Les perspectives politiques d’Ishiba sont également assombries par sa volonté d’augmenter les impôts. Selon lui, il existe encore une marge suffisante pour augmenter les impôts à la fois pour les particuliers et pour les entreprises. Ishiba semble également prêt à taxer les plus-values. Pense-t-il réellement pouvoir remporter une élection sur la base d’un programme de hausses d’impôts ?

Par ailleurs, c’est la nécessité pour le PLD de primer lors des prochaines élections qui explique principalement la désignation d’Ishiba. La Chambre des conseillers (chambre haute) renouvèle la moitié de ses sièges tous les trois ans, et la prochaine élection est prévue pour juillet 2025. L’actuel mandat de la Chambre des représentants (chambre basse) prendra fin en octobre 2025. Cela tombe sous le sens, un gouvernement jouit particulièrement d’un capital politique au début de son mandat, et Ishiba exploitera probablement cette opportunité pour dissoudre la chambre basse et convoquer des élections générales afin d’obtenir une majorité et de renforcer son gouvernement. S’il ne dissout pas la chambre dans les mois à venir, il pourrait organiser des élections pour les deux chambres en juillet prochain.

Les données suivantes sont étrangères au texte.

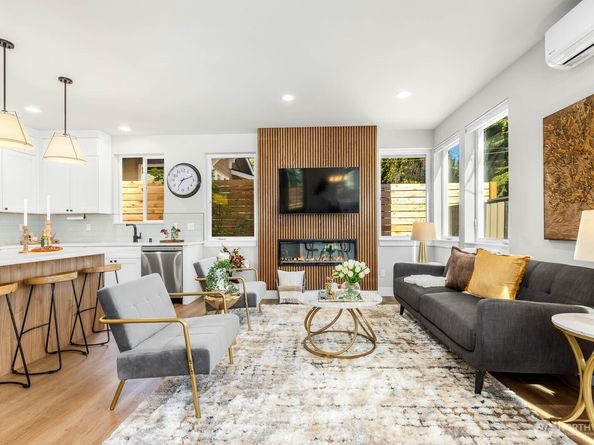 4326 A SW Mills Street, Seattle WA 98136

Fort heureusement pour lui, l’économie du Japon n’est aujourd’hui pas en mauvaise posture. Le PIB nominal atteint un niveau record, tout comme les recettes fiscales. Pour autant, la demande du secteur privé ne s’étant pas entièrement rétablie, ce n’est pas le moment d’augmenter les impôts, mais au contraire de les réduire. Ishiba a beau être influencé par la pensée unique du ministère des Finances, qui considère souvent l’équilibre budgétaire comme une fin en soi, rares sont les partis qui remportent une élection en défendant des hausses d’impôts.

Une troisième raison majeure de douter de la longévité politique d’Ishiba réside dans le degré de loyauté de ceux qui composent son gouvernement. Lorsqu’un gouvernement japonais est de courte durée, sa chute résulte généralement de scandales impliquant des ministres, ou de défections dans l’entourage du Premier ministre au sein de sa résidence, le Kantei. Globalement, le gouvernement chute lorsque la gestion organisationnelle échoue.

Ishiba a été ministre de la Défense. Je connais personnellement de nombreux responsables publics au sein de ce ministère, ainsi que plusieurs membres du haut commandement de la Force d’autodéfense. Je suis systématiquement frappé par l’unanimité de leurs réactions lorsqu’on leur demande leur avis sur le mandat d’Ishiba : jamais aucune clarté dans la réponse formulée, et toujours un certain froncement de sourcils.

Les responsabilités du Premier ministre sont bien plus écrasantes que celles du ministre de la Défense. Environ 99 % du travail consiste à affronter des obstacles. Les nouvelles initiatives ne se concrétisent que lorsqu’elles bénéficient d’un soutien budgétaire et législatif, ce qui arrive trop rarement.

Par ailleurs, la Diète japonaise exige de son Premier ministre 7,4 fois plus de temps de présence que ce que demande le Parlement britannique à son chef de l’État. Confiné à son siège au sein de la Diète, contraint de garder son calme face aux attaques incessantes de l’opposition, le Premier ministre n’exerce pas un métier facile au Japon.

Le Japon ne peut pas se permettre de revenir à l’époque des mandats éphémères qui ont précédé celui de Shinzo Abe. Malheureusement, les positions politiques d’Ishiba et ses compétences en gestion organisationnelle n’augurent rien de bon. Espérons qu’il puisse apprendre et mûrir rapidement.